当前位置:网站首页>Flink Doris connector design
Flink Doris connector design
2022-07-21 03:04:00 【Zhangjiafeng】
Flink Doris Connector design scheme
The program first thanks the community Spark Doris Connector The author of
from Doris Perspective , Bring its data into Flink, have access to Flink A rich range of ecological products , Broaden the imagination of the product , It also makes Doris Joint queries with other data sources are possible
Starting from our business architecture and business requirements , We chose Flink As part of our architecture , For data ETL And real time computing framework , The community is now supporting Spark doris connector, So we refer to Spark doris connector The design developed Flink doris Connector.
Technology selection
At the beginning of our selection , Also and Spark Doris Connector equally , The first thing to think about is JDBC The way , But it's like Spark doris connector The article says , It has advantages , But the disadvantages are more obvious . Then we read and tested Spark Code for , Decided to stand on the shoulders of giants to achieve ( remarks : Direct copy code modification ).
The following is from Spark Doris Connector Blog , It's a direct copy
So we developed a system for Doris The new Datasource,Spark-Doris-Connector.
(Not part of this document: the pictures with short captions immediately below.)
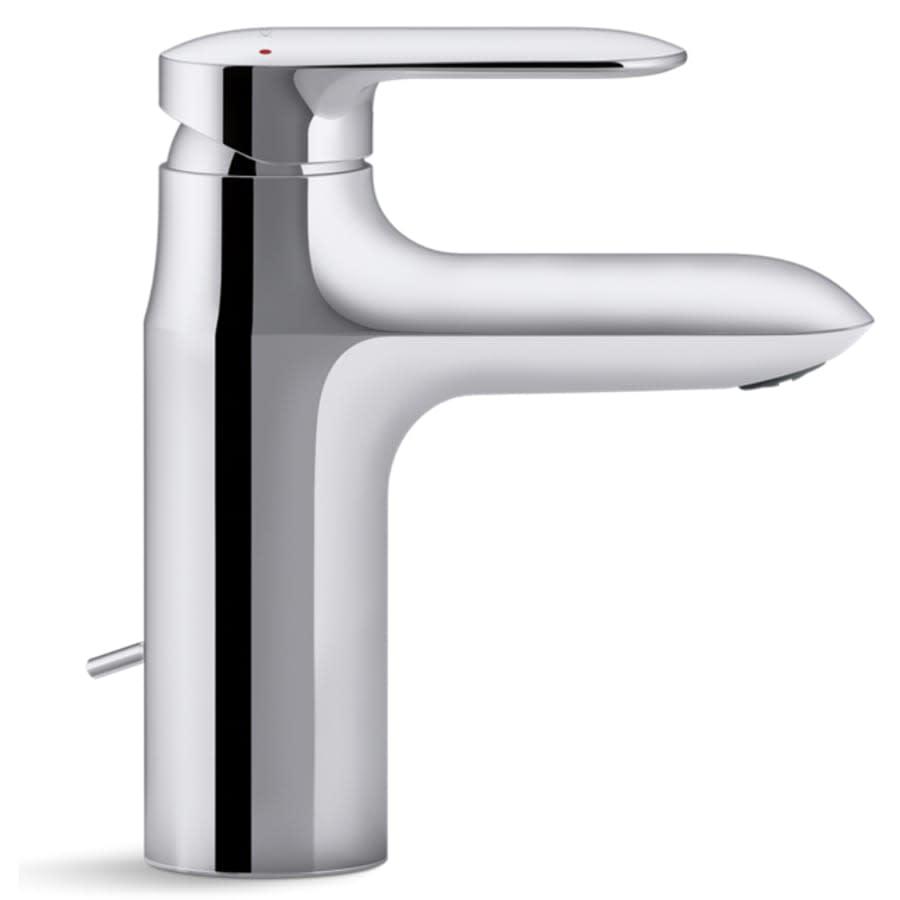 Kumin 1.2 GPM Single Hole Bathroom Faucet - Includes Pop-Up Drain Assembly - ybpuqevjtwjzgemxblc2@2x.jpg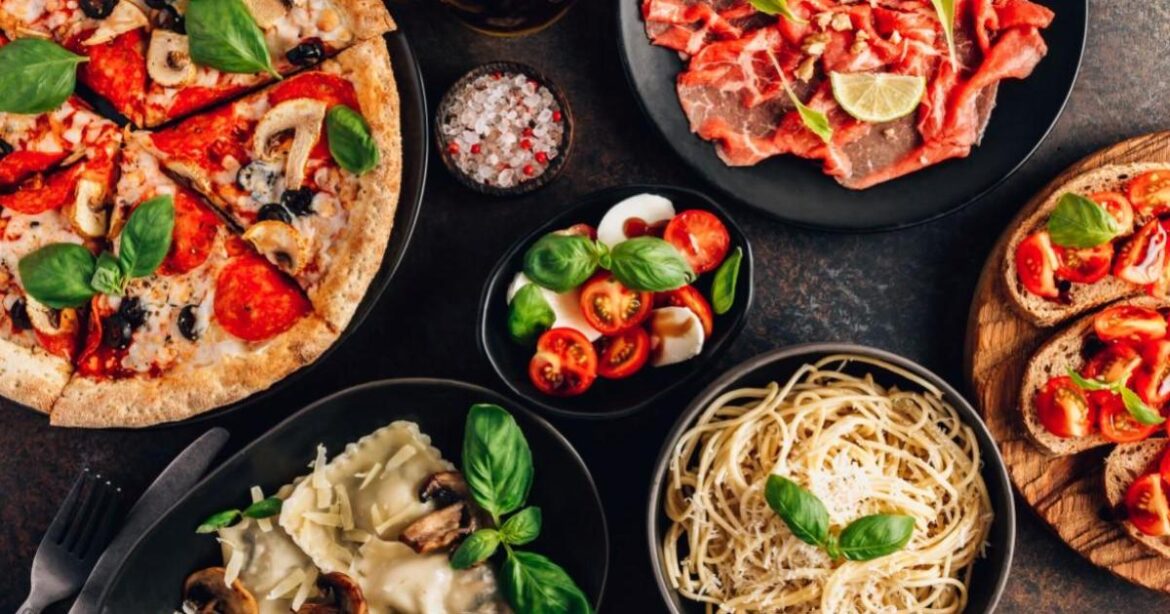 Italian food course, lunch in Gozo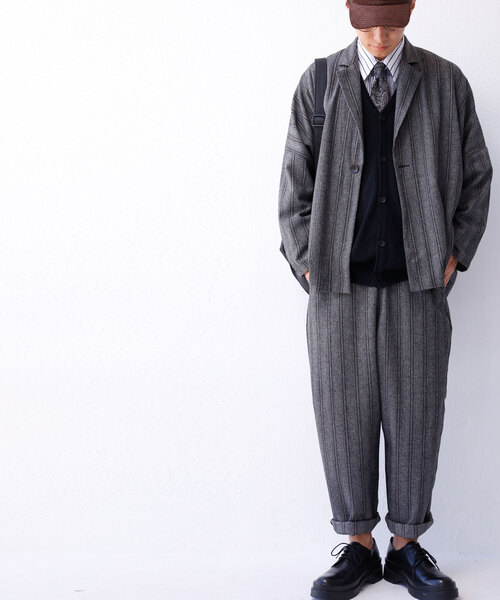 antiqua(アンティカ)の「テーラードジャケット(テーラードジャケット・メンズ・ブラック・FREE)」の8枚目の写真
Under this scheme ,Doris Can expose Doris The data is distributed to Spark.Spark Of Driver visit Doris Of FE obtain Doris Tabular Schema And the underlying data distribution . after , Based on this data distribution , Reasonably allocate data query tasks to Executors. Last ,Spark Of Executors Visit different BE The query . Greatly improve the efficiency of query
Usage method
stay Doris The code base of extension/flink-doris-connector/ Compile and generate under the directory doris-flink-1.0.0-SNAPSHOT.jar, Put this jar Package join flink Of ClassPath in , You can use Flink-on-Doris The function of
SQL The way
CREATE TABLE flink_doris_source ( name STRING, age INT, price DECIMAL(5,2), sale DOUBLE ) WITH ( 'connector' = 'doris', 'fenodes' = '$YOUR_DORIS_FE_HOSTNAME:$YOUR_DORIS_FE_RESFUL_PORT', 'table.identifier' = '$YOUR_DORIS_DATABASE_NAME.$YOUR_DORIS_TABLE_NAME', 'username' = '$YOUR_DORIS_USERNAME', 'password' = '$YOUR_DORIS_PASSWORD');CREATE TABLE flink_doris_sink ( name STRING, age INT, price DECIMAL(5,2), sale DOUBLE ) WITH ( 'connector' = 'doris', 'fenodes' = '$YOUR_DORIS_FE_HOSTNAME:$YOUR_DORIS_FE_RESFUL_PORT', 'table.identifier' = '$YOUR_DORIS_DATABASE_NAME.$YOUR_DORIS_TABLE_NAME', 'username' = '$YOUR_DORIS_USERNAME', 'password' = '$YOUR_DORIS_PASSWORD');INSERT INTO flink_doris_sink select name,age,price,sale from flink_doris_source
DataStream The way
DorisOptions.Builder options = DorisOptions.builder() .setFenodes("$YOUR_DORIS_FE_HOSTNAME:$YOUR_DORIS_FE_RESFUL_PORT") .setUsername("$YOUR_DORIS_USERNAME") .setPassword("$YOUR_DORIS_PASSWORD") .setTableIdentifier("$YOUR_DORIS_DATABASE_NAME.$YOUR_DORIS_TABLE_NAME");env.addSource(new DorisSourceFunction<>(options.build(),new SimpleListDeserializationSchema())).print();
Applicable scenario
1. Use Flink Yes Doris And other data sources
Many business departments will put their data on different storage systems , For example, some online analysis 、 The data of the report is placed in Doris in , Some structured retrieval data is placed in Elasticsearch in 、 Some data that needs to be put in MySQL in , wait . Business often needs to be analyzed across multiple storage sources , adopt Flink Doris Connector Get through Flink and Doris after , Business can be used directly Flink, take Doris Do joint query calculation with multiple external data sources .
2. Real time data access
Flink Doris Connector Before : For business irregular data , It is often necessary to standardize the processing of messages , Write new null filter values topic, And then it starts Routine load write in Doris.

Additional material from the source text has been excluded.